Do not rely on memory. Re-read the applicable DOX chain in the current session before editing.

Also read CONTRIBUTING.md before contribution, branch, release, backport, or AI-attribution decisions.

Update After Editing

Every meaningful change requires a DOX pass before the task is done.

Update the closest owning guide when a change affects:

  • purpose, scope, ownership, or responsibilities
  • durable structure, contracts, workflows, or operating rules
  • required inputs, outputs, permissions, constraints, side effects, or artifacts
  • user preferences about behavior, communication, process, organization, or quality
  • guide creation, deletion, move, rename, or index contents

Update parent docs when parent-level structure, ownership, workflow, or child index changes. Update child docs when parent changes alter local rules. Remove stale or contradictory text immediately. Small edits that do not change behavior or contracts may leave docs unchanged, but the DOX pass still must happen.

Hierarchy

  • The root guide is the DOX rail for project-wide instructions, global preferences, durable workflow rules, and the top-level Child DOX Index.
  • Child guides own domain-specific instructions and their own Child DOX Index.
  • Each parent explains what its direct children cover and what stays owned by the parent.
  • The closer a doc is to the work, the more specific and practical it must be.

Child Doc Shape

  • Create a child guide when a folder becomes a durable boundary with its own purpose, rules, responsibilities, workflow, materials, or quality standards.
  • Work Guidance must reflect the current standards of the project or user instructions. If there are no specific standards yet, leave it empty.
  • Verification must reflect an existing check.
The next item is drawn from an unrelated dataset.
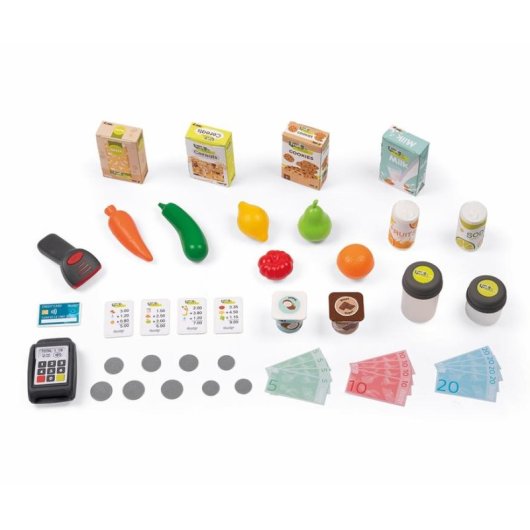 Jeu de rôle Supermarché Smoby Fresh Market avec caisse, balance et 43 pièces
If no verification framework exists yet, leave it empty and update it when one exists.

Default section order:

  • Purpose
  • Ownership
  • Local Contracts
  • Work Guidance
  • Verification
  • Child DOX Index

Style

  • Keep docs concise, current, and operational.
  • Document stable contracts, not diary entries.
  • Put broad rules in parent docs and concrete details in child docs.
  • Prefer direct bullets with explicit names.
  • Do not duplicate rules across many files unless each scope needs a local version.
  • Delete stale notes instead of explaining history.
  • Trim obvious statements, repeated rules, misplaced detail, and warnings for risks that no longer exist.

Project Work Guidance

  • Keep commits small and separable.
  • Do not mix safe fixes with behavior changes, default flips, or broad driver rewrites.
  • Keep compatibility-sensitive changes conservative on master and stable branches.
  • Put risky or behavior-changing work into focused long-lived pull requests for a later milestone.
  • When working from issues or pull requests, inspect linked reports and prior review comments before deciding what is actionable.
  • Prefer extracting safe, independently testable patches from large pull requests instead of rebasing or merging broad experimental series wholesale.
  • Use available review, GitHub, CI, or workflow skills when they help preserve review-thread context, linked issue context, or test status.
  • Do not push, merge, close issues, resolve review threads, or post GitHub comments unless explicitly asked.

Bug Fixing Guidance

  • Start from the observed failure, linked reports, and relevant logs.
  • Identify whether the fix is a bug fix, safe feature, behavior change, or architecture change before choosing its target branch or milestone.
  • Document hardware-specific findings when they rely on descriptors, OUIs, firmware versions, or controller-specific quirks.
  • Bug reports do not need to complete every optional checklist item, but they must provide the template logs and system facts needed to support the claimed failure.

Verification

  • Run the smallest relevant local check for the touched files.
  • For driver changes, prefer make -C hid-xpadneo modules when the local kernel build environment is available.
  • For shell-only changes, run bash -n on edited scripts.
  • Report any verification that could not be run.

Closeout

  1. Re-check changed paths against the DOX chain.
  2. Update nearest owning docs and any affected parents or children.
  3. Refresh every affected Child DOX Index.
  4. Remove stale or contradictory text.
  5. Run existing verification when relevant.
  6. Report any docs intentionally left unchanged and why.

User Preferences

When the user requests a durable behavior change, record it here or in the relevant child guide.

Child DOX Index

  • .github/ - repository automation, issue templates, pull request templates, and CI workflows.
  • docs/ - user-facing documentation, descriptors, heuristics, licensing notes, and captured reports.
  • hid-xpadneo/ - DKMS package metadata, installable module assets, udev and modprobe integration, and the kernel module source tree.
  • lib/ - shared shell helper code used by the root installer scripts.
  • misc/ - auxiliary examples, old reference material, and kernel patch helpers.

The root keeps ownership of top-level project metadata, release notes, repository-wide contribution policy, root installer entry points, and cache or tooling folders that are not listed above.